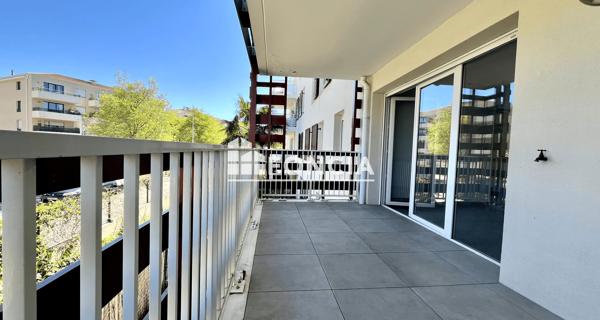 À vendre Appartement 2 pièces 38.4 m² - Saint-cyr-sur-mer 83270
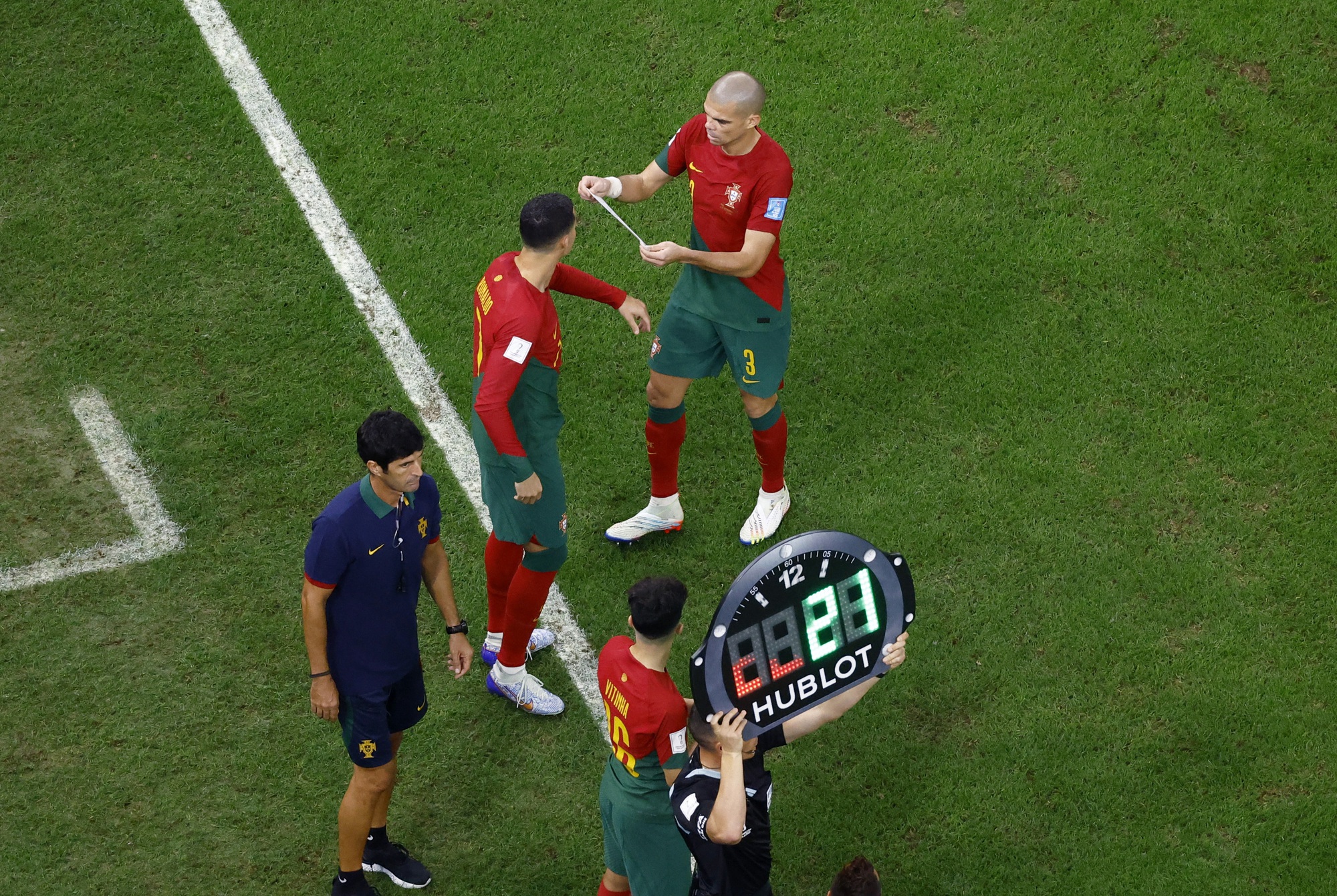 Bồ Đào Nha phủ nhận việc Ronaldo bỏ về nước trước tứ kết - Ảnh 3.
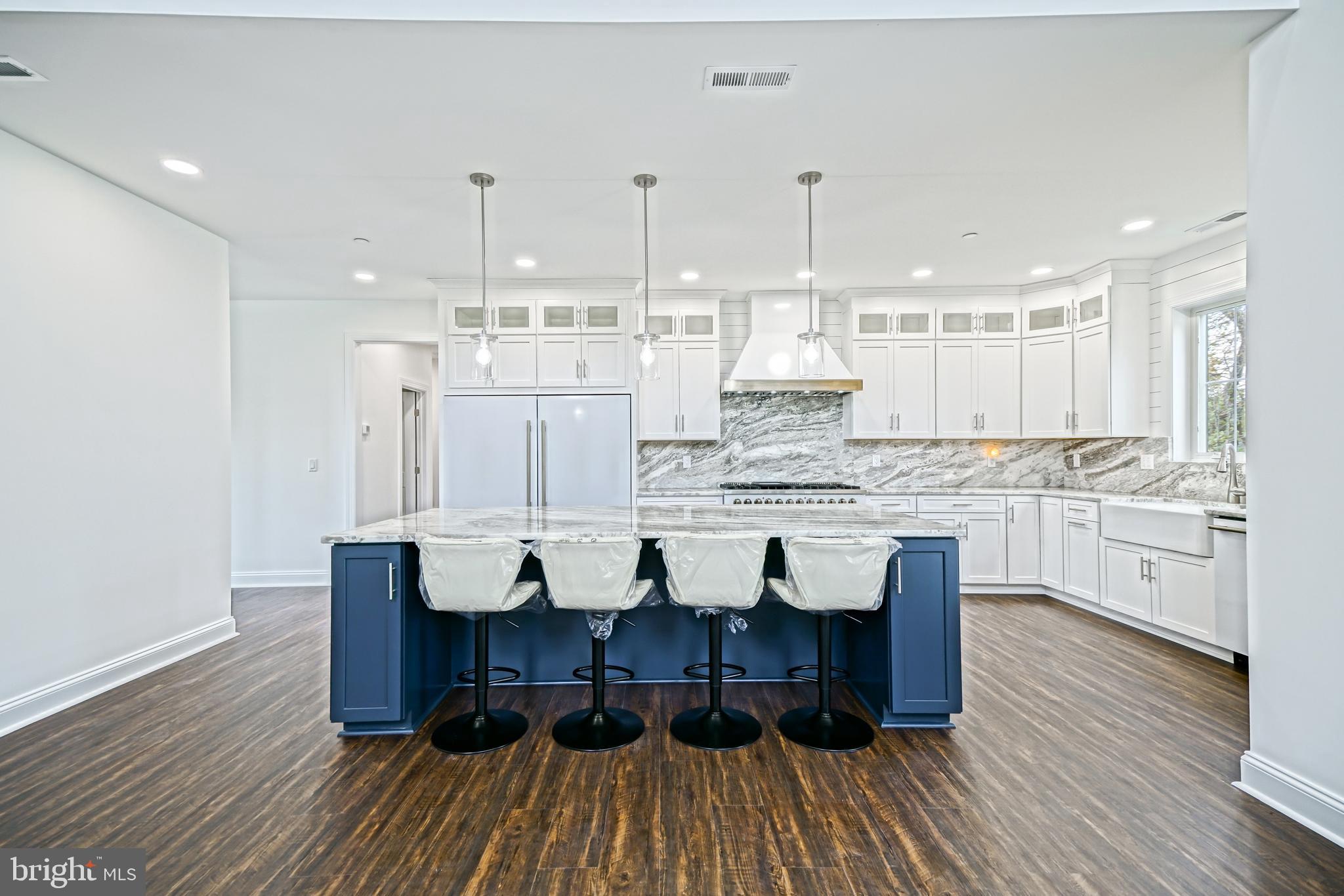 FISHERS COVE - Residential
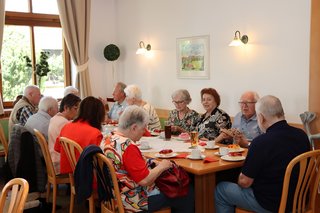 Die Gäste lassen sich Kaffee und Kuchen schmecken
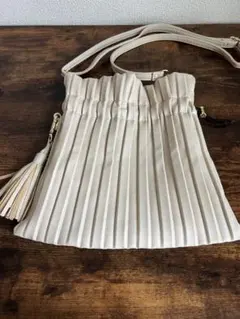 Item thumbnail for item 17a4a81d-8096-4bef-9373-e8d6e2c57603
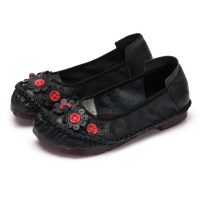 【Vecchio】真皮頭層牛皮手工縫線花朵裝飾低跟舒適單鞋(黑)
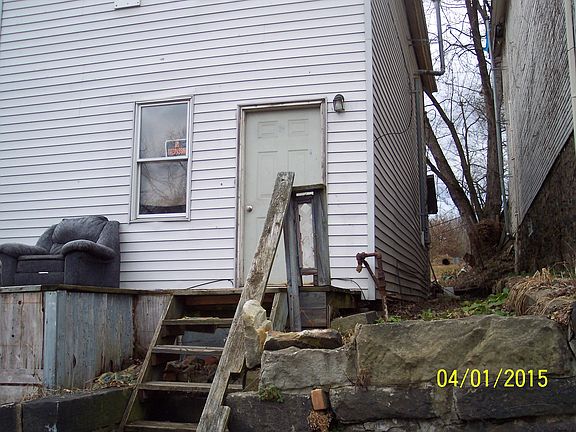 3rd image of 909 Florence St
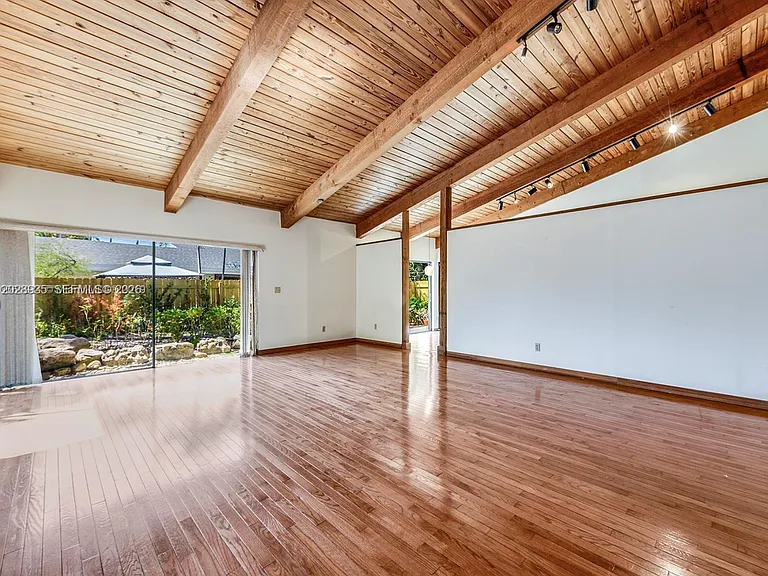 9055 SW 78th Ct — Photo 5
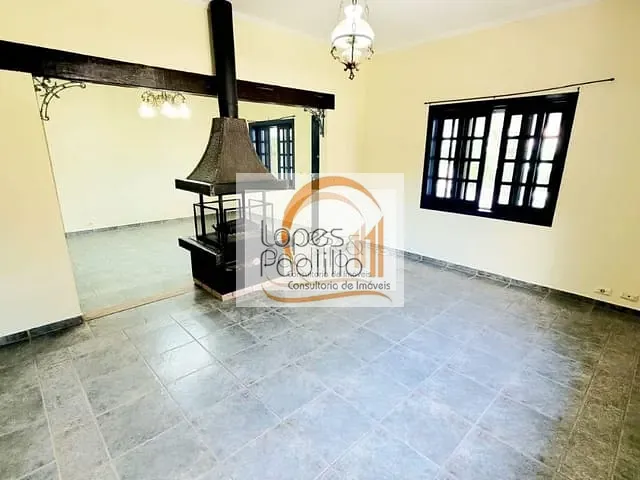 Casa com 800m² 2 quartos e 4 banheiros, para alugar, no bairro Condomínio Flamboyant-B em Atibaia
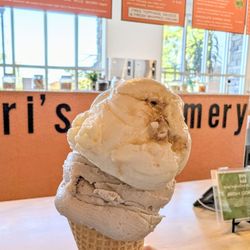 Rori's Artisanal Creamery - Double Scoops of Honey Almond Crunch & Brown Sugar Banana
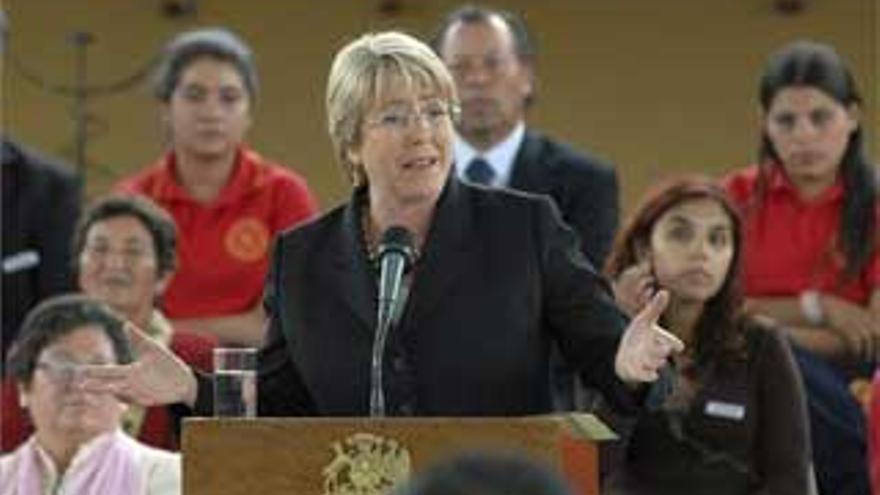 Bachelet remodela su gobierno con seis ministros nuevos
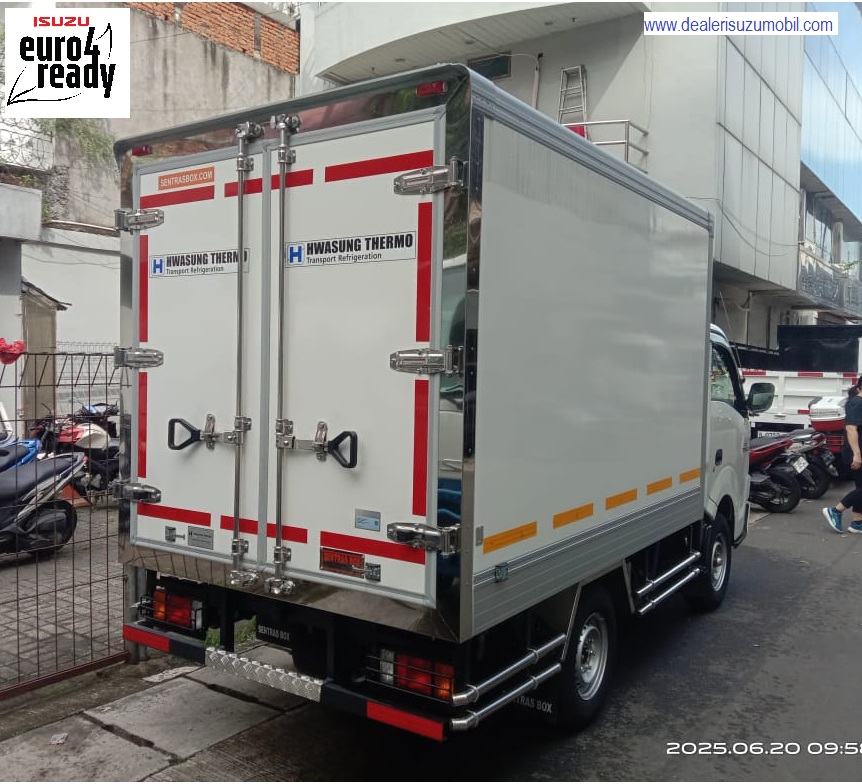 box freezer isuzu traga euro 4 - belakang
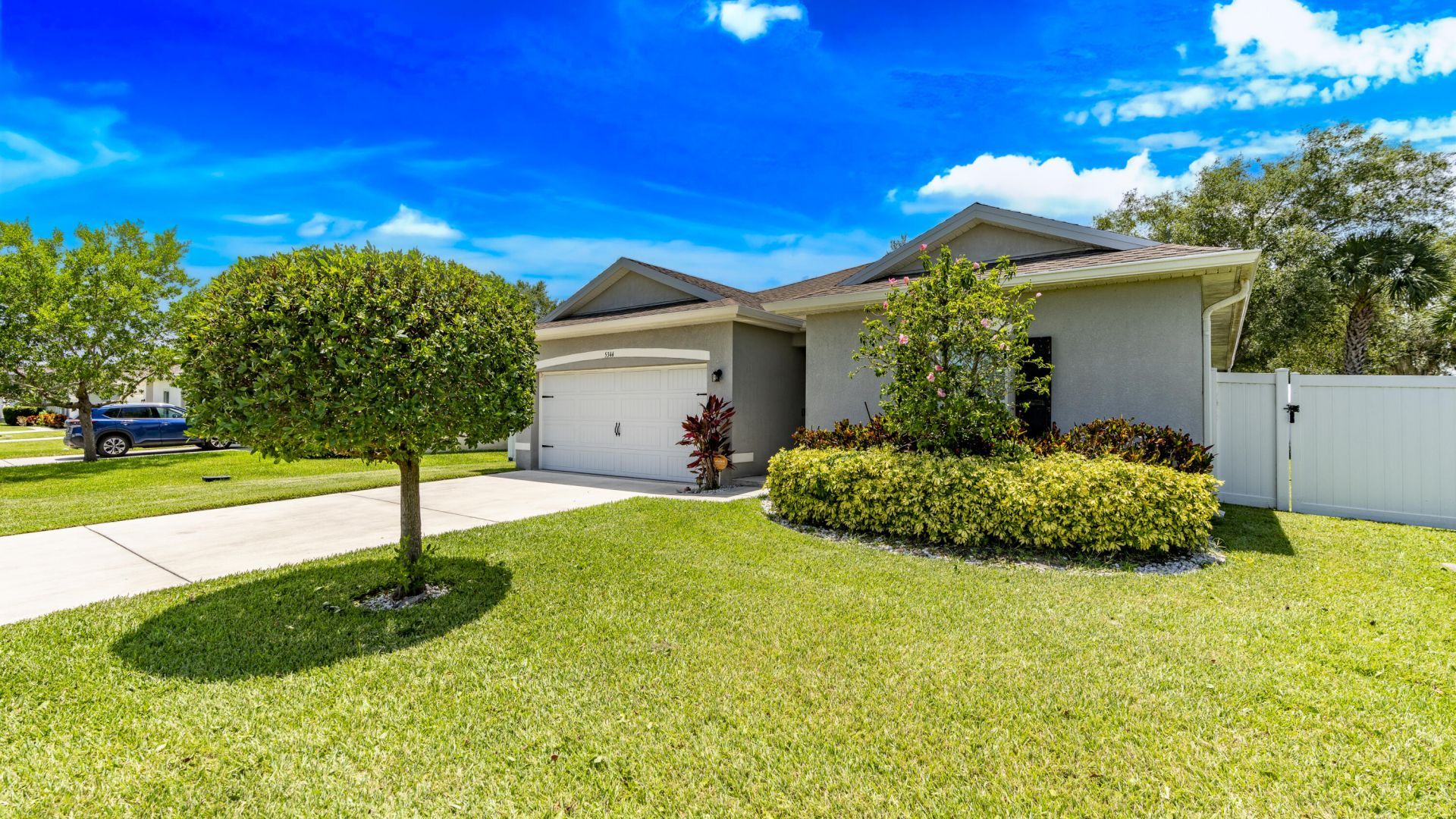 5344 Oakland Lake Circle, Fort Pierce, FL 34951 Photo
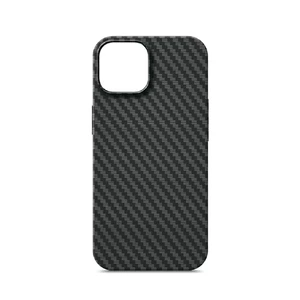 Противоударный чехол с MagSafe для iPhone 14 Plus | iLoungeMax Carbon Like (TPU) ARM66364 - Фото 1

————————

◆ What is expected ◆
Word for word, repeat the lines of data above, omitting every picture.

◆ Written response ◆
 À vendre Appartement 2 pièces 38.4 m² - Saint-cyr-sur-mer 83270
 Bồ Đào Nha phủ nhận việc Ronaldo bỏ về nước trước tứ kết - Ảnh 3.
 FISHERS COVE - Residential
 Die Gäste lassen sich Kaffee und Kuchen schmecken
 Item thumbnail for item 17a4a81d-8096-4bef-9373-e8d6e2c57603
 【Vecchio】真皮頭層牛皮手工縫線花朵裝飾低跟舒適單鞋(黑)
 3rd image of 909 Florence St
 9055 SW 78th Ct — Photo 5
 Casa com 800m² 2 quartos e 4 banheiros, para alugar, no bairro Condomínio Flamboyant-B em Atibaia
 Rori's Artisanal Creamery - Double Scoops of Honey Almond Crunch & Brown Sugar Banana
 Bachelet remodela su gobierno con seis ministros nuevos
 box freezer isuzu traga euro 4 - belakang
 5344 Oakland Lake Circle, Fort Pierce, FL 34951 Photo
 Противоударный чехол с MagSafe для iPhone 14 Plus | iLoungeMax Carbon Like (TPU) ARM66364 - Фото 1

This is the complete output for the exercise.